Records for this task below:

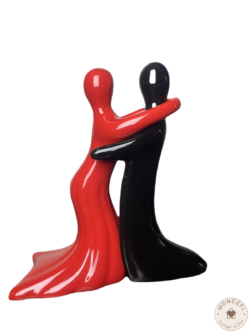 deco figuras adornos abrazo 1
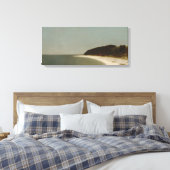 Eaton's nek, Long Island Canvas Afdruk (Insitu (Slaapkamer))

End of Records for this task.
Records for this task below:

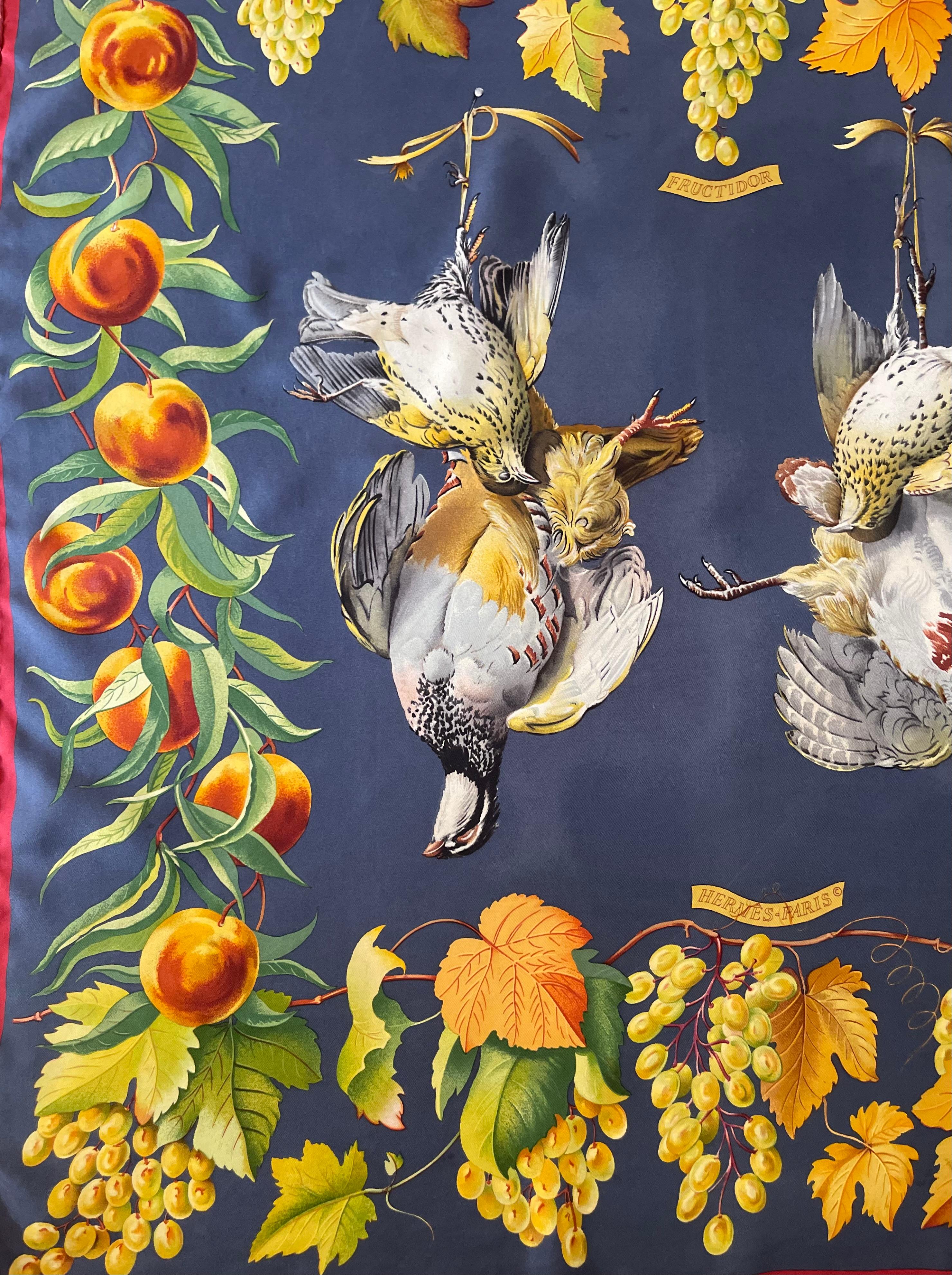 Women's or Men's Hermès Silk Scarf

End of Records for this task.
Records for this task below:

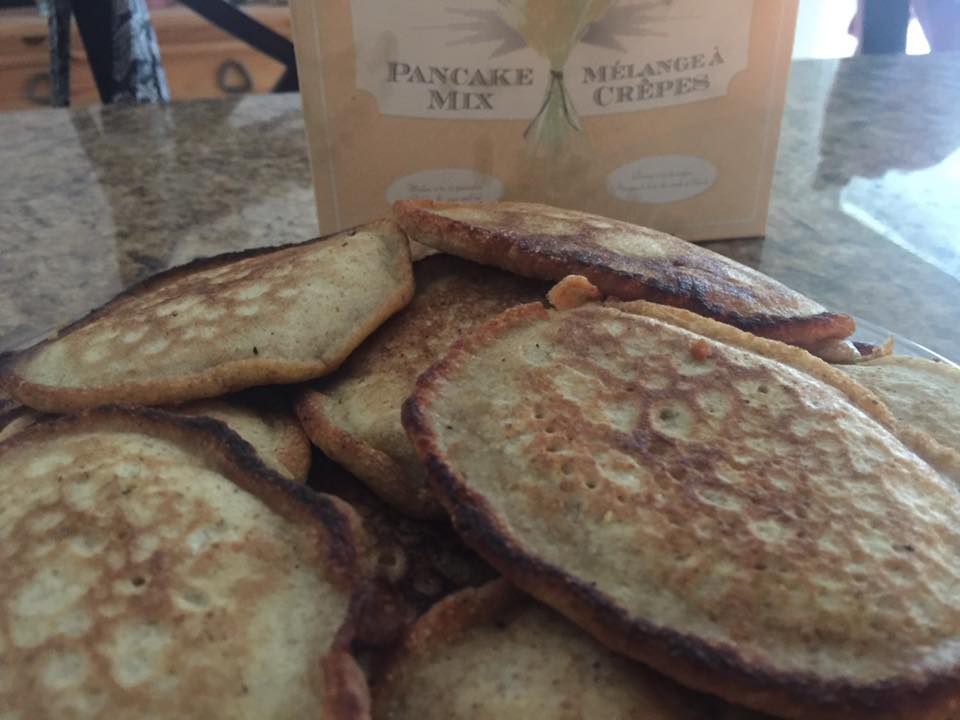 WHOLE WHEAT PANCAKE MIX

End of Records for this task.

- [Goal of the exercise]
From the material above, output only the span of lines that starts at the one containing "deco figuras adornos abrazo 1" and finishes at the one containing "Eaton's nek, Long", word for word and free of pictures.

- [Response]
 deco figuras adornos abrazo 1
 Eaton's nek, Long Island Canvas Afdruk (Insitu (Slaapkamer))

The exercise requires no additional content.